(Stored items)
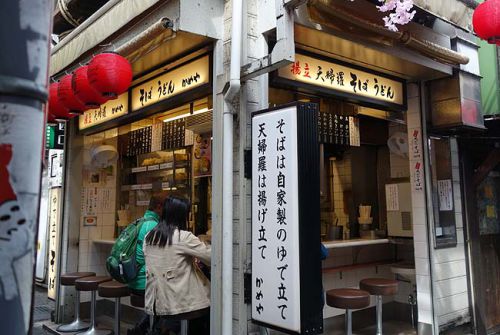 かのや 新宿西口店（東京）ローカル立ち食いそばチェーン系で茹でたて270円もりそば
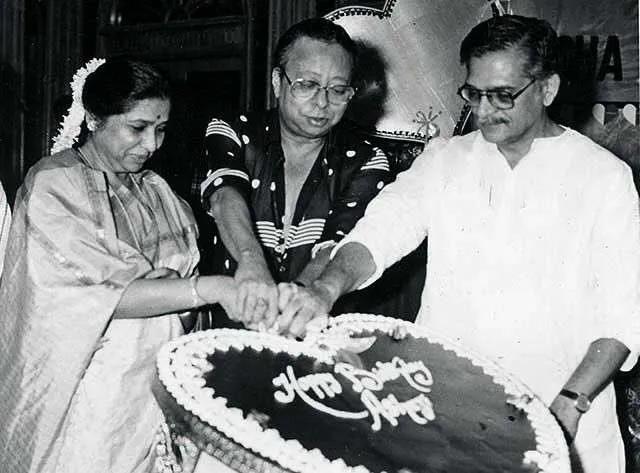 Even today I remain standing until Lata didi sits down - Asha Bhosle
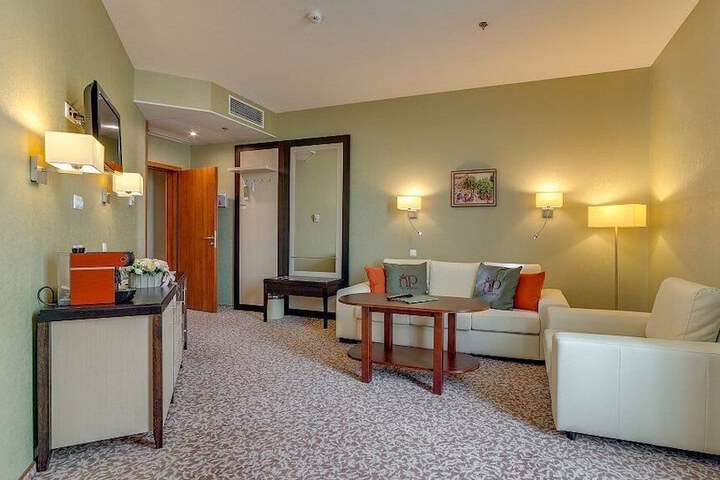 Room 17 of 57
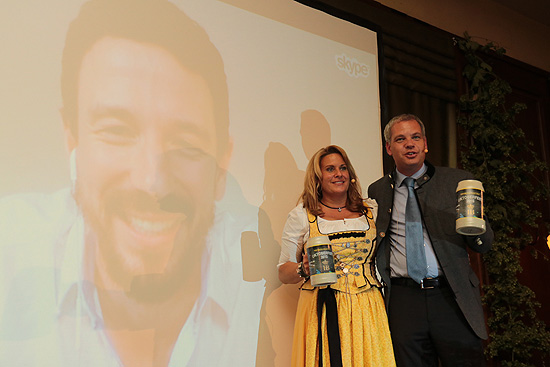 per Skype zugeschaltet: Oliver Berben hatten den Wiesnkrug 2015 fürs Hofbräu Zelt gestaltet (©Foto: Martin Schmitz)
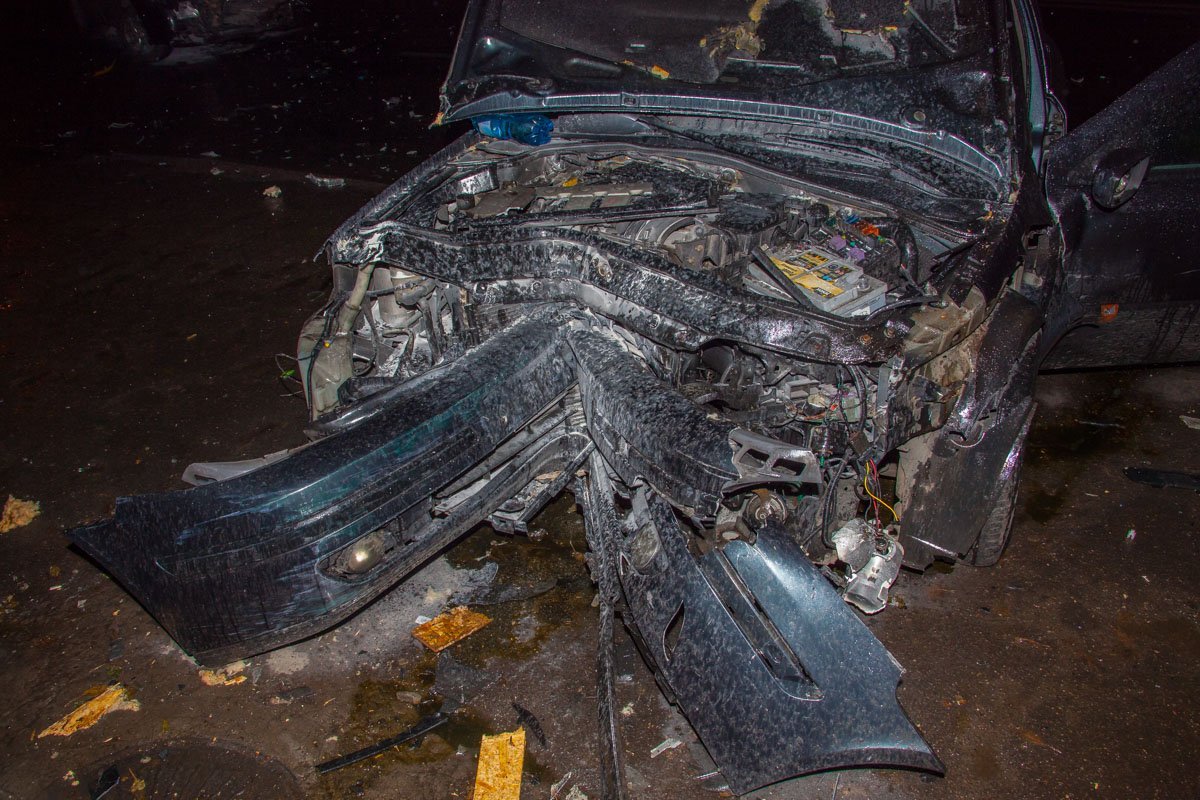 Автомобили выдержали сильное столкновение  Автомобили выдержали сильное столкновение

What is required -> Leaving out any pictures, write the records above out exactly as they are.

Result for this exercise ->
 かのや 新宿西口店（東京）ローカル立ち食いそばチェーン系で茹でたて270円もりそば
 Even today I remain standing until Lata didi sits down - Asha Bhosle
 Room 17 of 57
 per Skype zugeschaltet: Oliver Berben hatten den Wiesnkrug 2015 fürs Hofbräu Zelt gestaltet (©Foto: Martin Schmitz)
 Автомобили выдержали сильное столкновение  Автомобили выдержали сильное столкновение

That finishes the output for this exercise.